- Born: 17 September 1881 Basford, Nottingham, England
- Died: 23 September 1960 (aged 79) Stowmarket, Suffolk, England
- Buried: Ipswich Old Cemetery
- Allegiance: United Kingdom
- Branch: British Army
- Rank: Private
- Unit: The York and Lancaster Regiment
- Conflicts: World War I
- Awards: Victoria Cross Légion d'honneur (5th class) Cross of the Order of St George (Russia)

= Samuel Harvey (VC) =

Recipient of the Victoria Cross

Samuel Harvey VC (17 September 1881 - 23 September 1960) was an English recipient of the Victoria Cross, the highest and most prestigious award for gallantry in the face of the enemy that can be awarded to British and Commonwealth forces.

==Details==
He was 34 years old and a private in the 1st Battalion, York and Lancaster Regiment, British Army during the First World War when the following deed took place for which he was awarded the VC.

On 29 September 1915 in the "Big Willie" Trench near the Hohenzollern Redoubt, France, during a heavy bombing (hand grenade) attack, more bombs were urgently required and Private Harvey volunteered to fetch them.

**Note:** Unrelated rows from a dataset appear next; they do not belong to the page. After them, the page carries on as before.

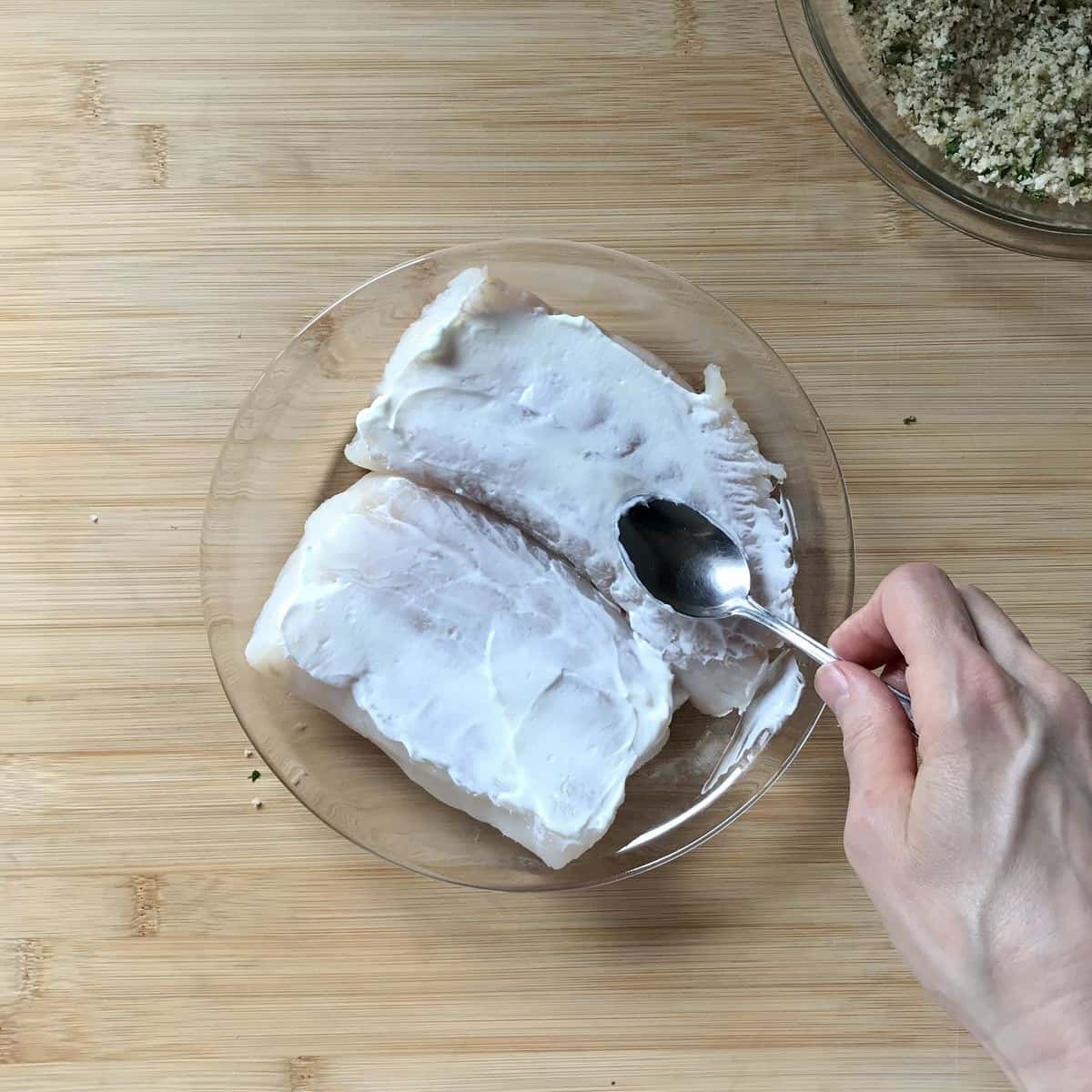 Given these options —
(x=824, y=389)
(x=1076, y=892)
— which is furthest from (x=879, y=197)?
(x=1076, y=892)

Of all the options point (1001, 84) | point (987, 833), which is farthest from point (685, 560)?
point (1001, 84)

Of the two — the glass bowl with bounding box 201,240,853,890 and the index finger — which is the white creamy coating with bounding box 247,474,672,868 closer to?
the glass bowl with bounding box 201,240,853,890

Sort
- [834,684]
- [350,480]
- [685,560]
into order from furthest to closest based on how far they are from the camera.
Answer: [350,480] → [685,560] → [834,684]

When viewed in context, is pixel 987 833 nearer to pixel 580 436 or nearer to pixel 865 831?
pixel 865 831

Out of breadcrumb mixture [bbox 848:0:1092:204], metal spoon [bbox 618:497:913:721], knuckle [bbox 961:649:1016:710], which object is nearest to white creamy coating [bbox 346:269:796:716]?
metal spoon [bbox 618:497:913:721]

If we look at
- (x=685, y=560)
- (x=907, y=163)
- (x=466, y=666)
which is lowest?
(x=466, y=666)

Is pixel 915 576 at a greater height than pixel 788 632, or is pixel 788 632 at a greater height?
pixel 915 576

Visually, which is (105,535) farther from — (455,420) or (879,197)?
(879,197) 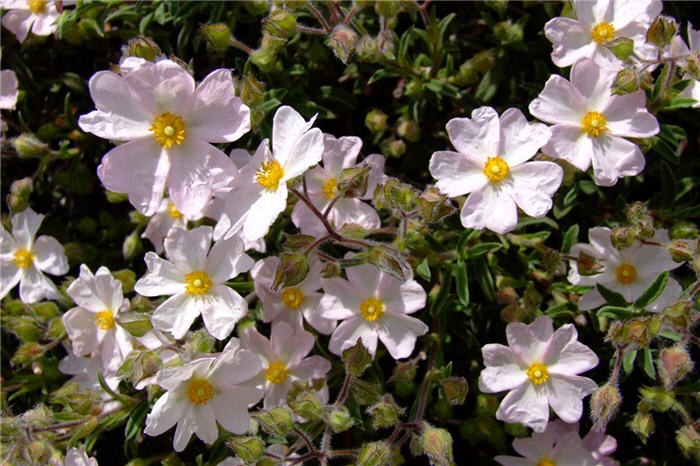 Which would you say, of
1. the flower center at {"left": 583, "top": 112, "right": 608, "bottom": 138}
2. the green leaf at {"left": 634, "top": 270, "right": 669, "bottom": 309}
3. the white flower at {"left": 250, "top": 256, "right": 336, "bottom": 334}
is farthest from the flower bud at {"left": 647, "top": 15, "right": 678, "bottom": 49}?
the white flower at {"left": 250, "top": 256, "right": 336, "bottom": 334}

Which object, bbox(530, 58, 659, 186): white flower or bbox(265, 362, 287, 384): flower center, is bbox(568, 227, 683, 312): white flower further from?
bbox(265, 362, 287, 384): flower center

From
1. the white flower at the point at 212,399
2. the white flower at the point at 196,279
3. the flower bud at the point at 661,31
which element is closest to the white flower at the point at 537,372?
the white flower at the point at 212,399

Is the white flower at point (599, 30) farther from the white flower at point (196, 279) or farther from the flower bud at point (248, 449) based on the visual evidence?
the flower bud at point (248, 449)

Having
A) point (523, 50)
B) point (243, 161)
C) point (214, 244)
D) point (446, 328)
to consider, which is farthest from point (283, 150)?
point (523, 50)

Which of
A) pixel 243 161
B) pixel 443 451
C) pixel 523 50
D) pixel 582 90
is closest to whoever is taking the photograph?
pixel 443 451

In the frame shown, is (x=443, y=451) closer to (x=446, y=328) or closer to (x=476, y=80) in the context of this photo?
(x=446, y=328) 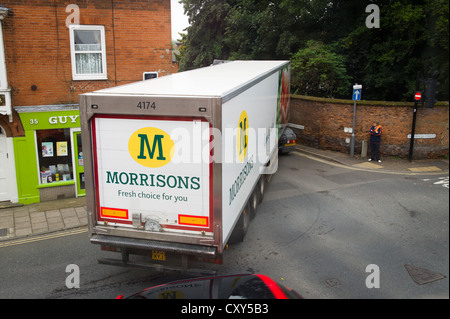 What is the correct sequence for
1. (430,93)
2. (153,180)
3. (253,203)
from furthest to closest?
(430,93) < (253,203) < (153,180)

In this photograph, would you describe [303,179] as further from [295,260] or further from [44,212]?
[44,212]

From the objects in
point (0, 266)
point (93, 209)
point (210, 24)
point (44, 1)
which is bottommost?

The communication trench was blocked with wounded and reinforcements and he went backwards and forwards across open ground under intense fire and succeeded in bringing up 30 boxes before he was wounded in the head. It was largely owing to his cool bravery in supplying the bombs that the enemy was eventually driven back.

Harvey received the French Legion of Honour (5th Class) and the Cross of St. George (Russia). He received little recognition in Britain after the war and towards the end of his life resided in the Salvation Army Citadel on Woodbridge Road in Ipswich. He also slept rough outside the Town Hall or in Wolves Wood, near Hadleigh, Suffolk.

He died in Suffolk on 23 September 1960.

Samuel Harvey was buried in Old Ipswich Cemetery on 26 September 1960 in Grave – X-21-3 (Section, Division, Grave no). In March 2014 he was honoured by the planting of a tree near his grave and another tree at Sprites Primary School in Ipswich.